By the time the land route to China had been reopened, the Chennault
air plan had already come a cropper. Even Roosevelt finally accepted the
conclusion his military chiefs had reached long before: the Chinese
Nationalists would do little to defeat Japan. Within China, signs of
shirking were only too clear. Inflation and corruption, fueled by
American supplies and money, became rampant. Chinese military casualties
fell below 300,000 for the first time since 1937. The American military
mission in Chungking, now directed by Major General Albert C.
Wedemeyer, believed that only the Communist Eighth Route Army and the
OSS-supported Chinese-Mongolian partisans were real fighters.
The decline of the Nationalist Army did not reflect any lack of effort
by Tenth Air Force’s air transports in flying “the Hump.” By August
1943, C-46s were delivering 5,000 tons of supplies a month to China, an
unthinkable figure when Chiang had demanded that support a year earlier.
By January 1944, Tenth Air Force effort reached 15,000 tons a month.
The commitment took a heavy toll. The transport force lost at least one
aircraft for every one of the 500 air miles between India and China;
more than 1,000 aircrewmen perished along the route. At its peak
strength, Tenth Air Force had 650 aircraft in the air every day, around
the clock. This effort made it possible for Chennault to mount Operation
Matterhorn, the strategic bombardment of Chinese and Formosan targets
with B-24s and B-29s based in China.
The opportunity cost to the Chinese Nationalists was high, too, since
90 percent of the cargo tonnage in 1943–44 was aviation gasoline and
ordnance, not Lend-Lease arms for the Chinese Army. This imbalance
exacted its toll all too soon. As the airlift over “the Hump” provided
more logistical support, Arnold sent more operational wings to China and
created a new command for Chennault, the Fourteenth Air Force, which
included one B-29 bombardment wing. When Churchill and Roosevelt met
Chiang Kaishek on their way to Teheran in November 1943, they promised
Chiang, awash in self-importance, a great air war from China against
Japan. Their meeting coincided with the first American bombardment of
Formosa. They also promised to push operations in Burma to open the
Ledo-Burma Road and increase Lend-Lease aid. In return for recognition
of his role as Allied Generalissimo in Asia, Chiang promised to use his
army to the best of its limited ability to support the American and
British offensive.
The Japanese did not look kindly on the growing U.S. Army Air Forces
presence in China, however, and ordered the China expeditionary army to
begin ICHI-GO (Operation One) in January 1944. For the next ten months
the Japanese Army pushed the Nationalists back and overran base after
base, forcing the forward-based Fourteenth Air Force fighters and
bombers deeper into China, more than half of which remained unconquered.
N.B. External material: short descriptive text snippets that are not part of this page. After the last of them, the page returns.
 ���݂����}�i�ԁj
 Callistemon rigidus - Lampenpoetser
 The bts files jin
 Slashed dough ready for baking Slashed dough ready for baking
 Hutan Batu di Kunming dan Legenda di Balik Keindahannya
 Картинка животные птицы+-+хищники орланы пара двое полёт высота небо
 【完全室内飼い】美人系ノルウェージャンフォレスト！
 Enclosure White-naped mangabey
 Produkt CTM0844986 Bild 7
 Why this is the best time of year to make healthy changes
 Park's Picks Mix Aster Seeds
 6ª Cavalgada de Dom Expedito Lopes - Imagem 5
The Chinese Army’s resistance was erratic and ultimately futile, but
Japanese casualties and the lengthening logistical tail of the Japanese
divisions brought operations to a halt in January 1945. The Japanese
generals in China cautioned Tokyo that they could not advance far enough
to capture the bases of the new B-29s, which had a range of 4,000
miles.
The strategic bombing champions, however, had already concluded that
an enlarged Matterhorn was too tall a challenge. With the decline of
Fourteenth Air Force and military support of Chiang Kai-shek, operations
in the China-Burma-India theater, divided into the Southeast Asia and
Chinese theaters in 1944, reverted to a British Commonwealth effort to
restore the British Empire, a goal the United States failed to support
with any enthusiasm. The war with Japan would be won elsewhere.